Consider the following interface

        type Ord k => Sliding_Window k v

        entries :: Sliding_Window k v -> [(k,v)]
            The cost is expected to be linear in the length of
            the result.  The pairs are listed in increasing
            order of k.

        add :: Ord k => k -> v -> Sliding_Window k v -> Sliding_Window k v
            precondition: all (< k) [k' | (k',_) <- entries q]
            The cost should be at most O((log . length . entries) q).
            post: entries (add k v q) = entries q ++ [(k,v)]

        since :: Ord k => k -> Sliding_Window k v -> [(k,v)]
            answers [(k',v) | (k',v) <- entries q, k' > k]
            The cost should be at most O((log . length . entries) q
                                         + length result)
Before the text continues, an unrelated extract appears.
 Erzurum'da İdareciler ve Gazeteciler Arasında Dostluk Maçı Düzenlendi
        purge :: Ord k => k -> Sliding_Window k v -> Sliding_Window k v
            answers q' such that entries q' = [(k',v) | (k',v) <- entries q,
                                               k' > k]
            The cost should be at most O((log . length . entries) q
                                         + length [k' | (k',v) <- entries q,
                                                        k' <= k])
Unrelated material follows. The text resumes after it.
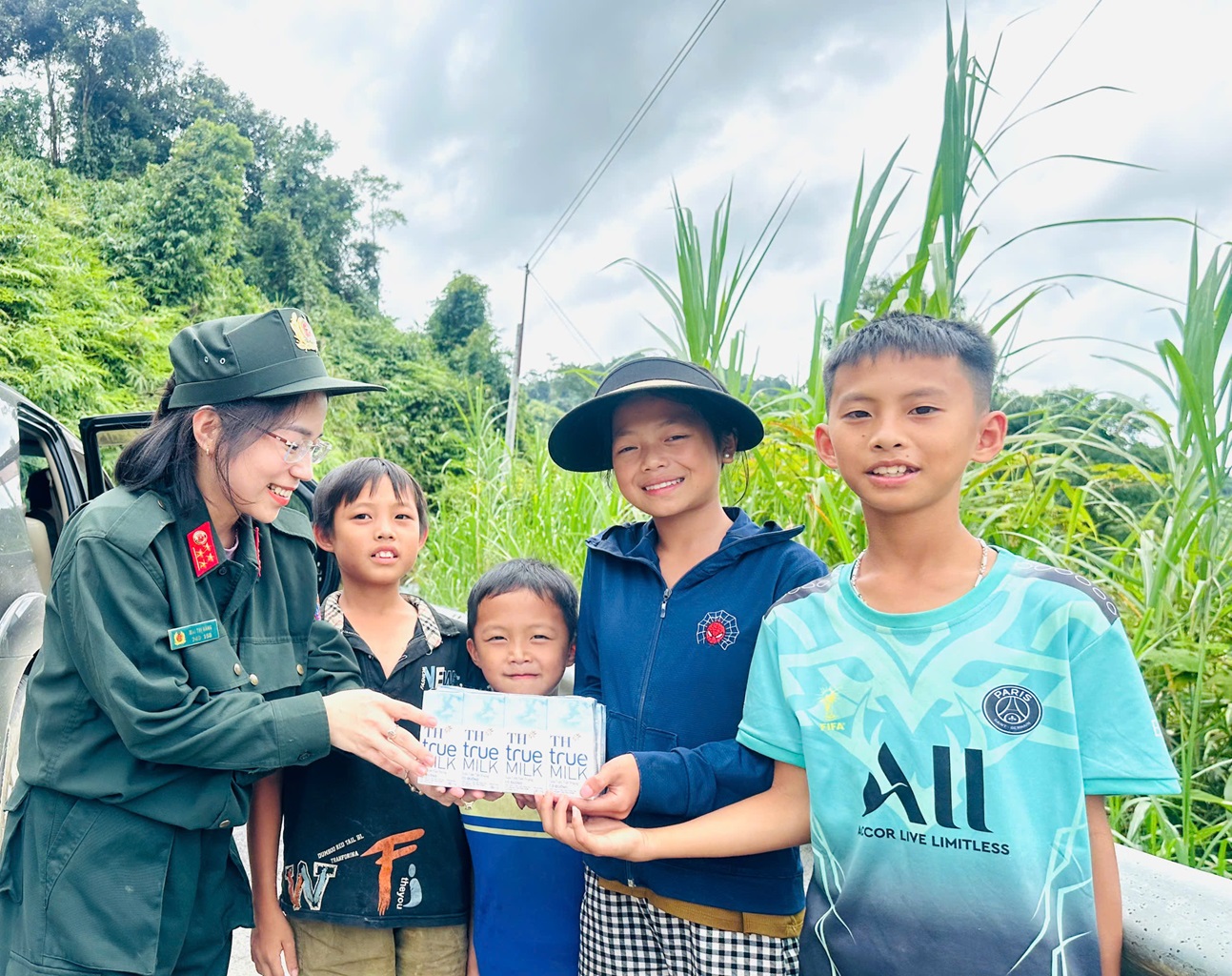 Trên đường đi trao quà thấy các cháu nhỏ bên ven đường, Đoàn đã dừng xe lại và trao tặng sữa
Ignoring costs, this can obviously be done trivially using
a list of pairs.  Paying some attention to costs, it can also
be done using some sort of balanced search tree.  The data
structure is close to a priority queue, but subtly different.

I believe I can see how to do this in an imperative language
using a Dijkstra-style array of pairs:  add is amortised O(1)
using the well known doubling strategy, thanks to the strictly
increasing key requirement; since is a binary search followed
by a segment copy; purge is a binary search followed by nilling
out the now unwanted elements.  By adapting the back-to-back
pair of lists implementation of queues, we can obviously do
add in O(1) and purge in O(1+#deleted items) time in a pure
functional language.

Thing is, there's a baffling array of data structures to examine
(AVL, RB, 2-3, 2-3-4, 1-2-brother, finger ... trees) and I wondered
if anyone had any idea what would be particularly good for this
rather asymmetric problem.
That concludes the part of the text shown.